By the Australian Photovoltaic Institute‘s upper estimate, there was a total national installed rooftop solar capacity of 5,968.341 MW in March this year. Ignoring the need for replacement by 2050 (let’s face it, nobody’s thinking about that anyway) and at the normal 15% annual capacity factor for Aussie rooftops, this is set to grow to 90,650 megawatts (to account for an annual 119.1 billion kWh supply) within 33 years, representing a monthly addition rate of close to 415.5 MW (it’s presently a bit over 60 MW/month) which would look like this:

The arrow indicates today, when we need to start adding rooftop solar capacity almost three and a half times faster than we have in the last year. And not stop for 33 years. Data: APVI

The APVI also keeps track of the current proportion of Australian dwellings with rooftop solar by state. Simply scaling up these figures to roughly 100% for each state (i.e. tripling Queensland and South Australia, up to 10x for Tasmania and so on) yields 25,857 MW. That’s allAustralian rooftops with solar. Obviously we either need more houses or much bigger rooftop systems (probably both), however the CSIRO/ENA’s document is specific about assuming no further subsidies to incentivise addition, so all else being equal it’s not obvious why an individual household would install any more than the kW capacity that covers its own needs.

Two issues are left entirely unaddressed by the headline chart:

  1. A kWh of solar or wind doesn’t serve the same sort of demand as a “conventional” kWh, say from a gas power plant. The hundreds of billions of renewable kWhs appear to more than cover for coal and gas in 2050 at an annual timescale, but week-to-week, day-to-day supply is a different matter. Something more is obviously required when the weather won’t oblige.
  2. Storage of energy is the obvious solution on paper, and CSIRO/ENA foresee a plausible national capacity of 87 million kWh of batteries in 2050. Consider this figure against the 52,000 kWh installed in 2016, and the limited lifespan of these devices (even hoping for 15 years, this would require 5,800,000 kWh worth of battery capacity installed annually till 2050). This is precisely the approach critiqued in the recent review of 100% renewable energy scenarios by Heard and co-workers:

A common assumption is that advances in storage technologies will resolve issues of reliability both at sub-hourly timescales and in situations of low availability of renewable resources that can occur seasonally.

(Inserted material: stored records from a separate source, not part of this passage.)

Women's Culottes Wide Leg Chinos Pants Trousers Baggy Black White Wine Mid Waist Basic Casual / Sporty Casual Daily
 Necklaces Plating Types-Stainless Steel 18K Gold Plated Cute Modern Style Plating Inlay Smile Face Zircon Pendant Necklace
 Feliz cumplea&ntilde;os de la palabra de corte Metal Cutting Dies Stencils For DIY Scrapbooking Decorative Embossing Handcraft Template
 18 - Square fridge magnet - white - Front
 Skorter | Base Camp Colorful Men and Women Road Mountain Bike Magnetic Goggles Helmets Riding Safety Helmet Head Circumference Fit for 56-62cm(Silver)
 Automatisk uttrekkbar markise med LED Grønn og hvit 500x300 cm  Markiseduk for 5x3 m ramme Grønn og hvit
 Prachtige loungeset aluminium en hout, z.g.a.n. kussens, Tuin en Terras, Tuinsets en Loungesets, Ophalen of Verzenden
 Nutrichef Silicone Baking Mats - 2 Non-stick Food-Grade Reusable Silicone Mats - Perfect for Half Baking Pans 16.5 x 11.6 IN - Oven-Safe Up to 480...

Battery storage is undeniably wrapped in buoyant optimism these days, even though recent large scale operational experience in California points to serious limitations. Additionally, the issue of lifecycle (generally only 10 years for lithium ion) emissions is almost universely neglected in “net zero carbon” scenarios which rely on battery storage. And ultimately, as recently stated by no less than Lazard:

Even though alternative energy is increasingly cost-competitive and storage technology holds great promise, alternative energy systems alone will not be capable of meeting the baseload generation needs of a developed economy for the foreseeable future. Therefore, the optimal solution for many regions of the world is to use complementary traditional and alternative energy resources in a diversified generation fleet.

To be entirely fair to the authors, the document contains some useful assumptions about future energy usage in Australia. It’s certainly worth a flick through. And they do try to account for the required build rate, however it isn’t quite as clear as starting a major new solar farm or wind farm virtually every month for the next three decades, and beyond, like I’ve elucidated here.

Is the future of 2050 sufficiently far from foreseeable? How close do we get before we critically and honestly examine our progress, or lack thereof, and potentially reconsider other energy resources we initially chose to exclude? And how ambitious is 2050 anyway – when including all low carbon resources now may well significantly speed things up, if history is any guide?